SOURCE MATERIAL:
--

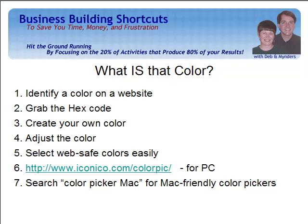You can create your own colors, you can adjust the colors, and it will also identify for you web-safe colors, which are colors that typically look the same from browser to browser. You can find it on iconico.com/colorpic and it's free. If you're a Mac user, then you want to search 'color picker Mac' for Mac-friendly color pickers. It will work somewhat the same way. Let me show you how this works.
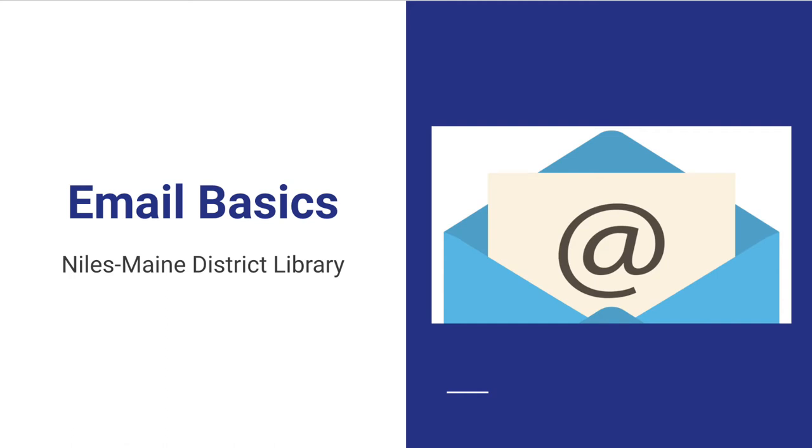Hello everyone, my name is Alexa and I am the Assistant Head of the Digital Services Department at the Niles Main District Library. Today we will be discussing email basics. For the demonstration today, I will be showing examples using Gmail and Yahoo email.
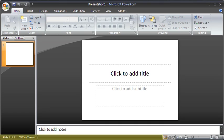The Status bar is a horizontal strip at the bottom of the interface that provides information about the open presentation, like slide numbers and the theme name.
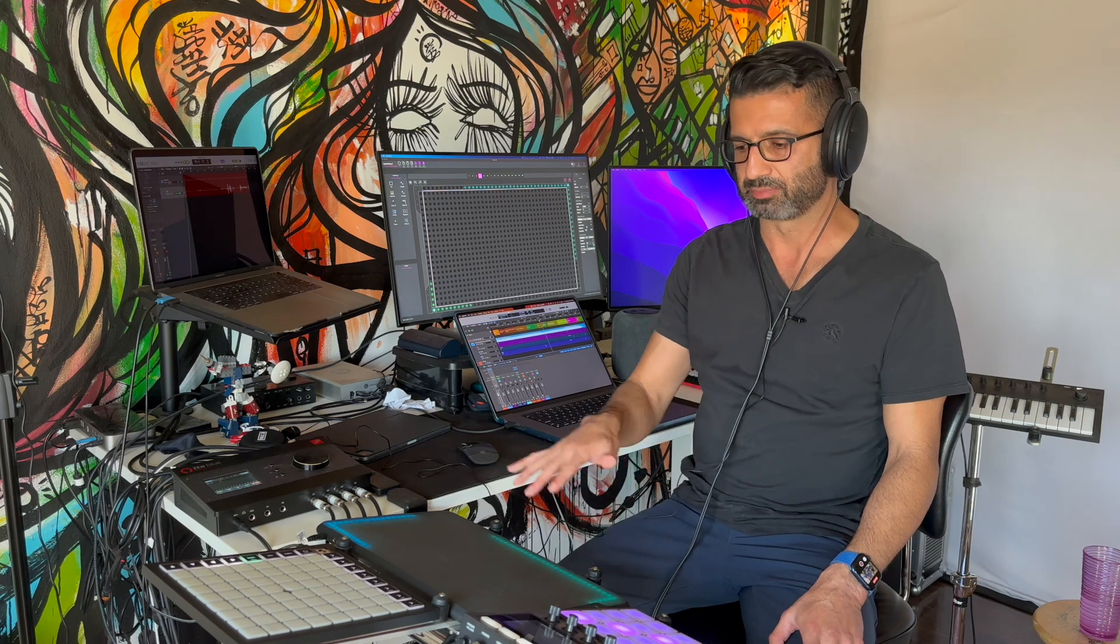I got the Erae Touch at the beginning of the year and it's become more and more of an integral part of my live setup.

--

PROBLEM DETAILS:
From the line that contains "Hello everyone, my" to the final line of the material, write out each line exactly. Pictures stay out.

EXPECTED ANSWER:
Hello everyone, my name is Alexa and I am the Assistant Head of the Digital Services Department at the Niles Main District Library. Today we will be discussing email basics. For the demonstration today, I will be showing examples using Gmail and Yahoo email.
The Status bar is a horizontal strip at the bottom of the interface that provides information about the open presentation, like slide numbers and the theme name.
I got the Erae Touch at the beginning of the year and it's become more and more of an integral part of my live setup.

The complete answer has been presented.